# How do you solve a^x = 10^(2x+1)?

Apr 5, 2016

$x = \frac{- \log \left(10\right)}{2 \log \left(10\right) - \log \left(a\right)}$

#### Explanation:

$1$. Assuming you are trying to solve for $x$, start by taking the logarithm of both sides.

${a}^{x} = {10}^{2 x + 1}$

$\log \left({a}^{x}\right) = \log \left({10}^{2 x + 1}\right)$

$2$. Using the logarithmic property, ${\log}_{\textcolor{p u r p \le}{b}} \left({\textcolor{red}{m}}^{\textcolor{b l u e}{n}}\right) = \textcolor{b l u e}{n} \cdot {\log}_{\textcolor{p u r p \le}{b}} \left(\textcolor{red}{m}\right)$, simplify the equation.

$x \log \left(a\right) = \left(2 x + 1\right) \log \left(10\right)$

$3$. Expand the brackets.

$x \log \left(a\right) = 2 x \log \left(10\right) + \log \left(10\right)$

$4$. Move all terms with $x$ to one side of the equation with the terms with no $x$ to the other side.
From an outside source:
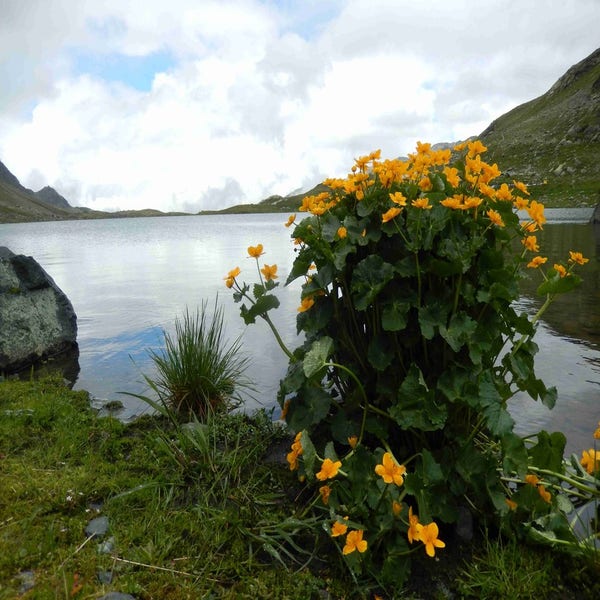 Caltha palustris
$2 x \log \left(10\right) - x \log \left(a\right) = - \log \left(10\right)$

$5$. Factor out $x$.

$x \left(2 \log \left(10\right) - \log \left(a\right)\right) = - \log \left(10\right)$

$6$. Isolate for $x$.

$\textcolor{g r e e n}{| \overline{\underline{\textcolor{w h i t e}{\frac{a}{a}} x = \frac{- \log \left(10\right)}{2 \log \left(10\right) - \log \left(a\right)} \textcolor{w h i t e}{\frac{a}{a}} |}}}$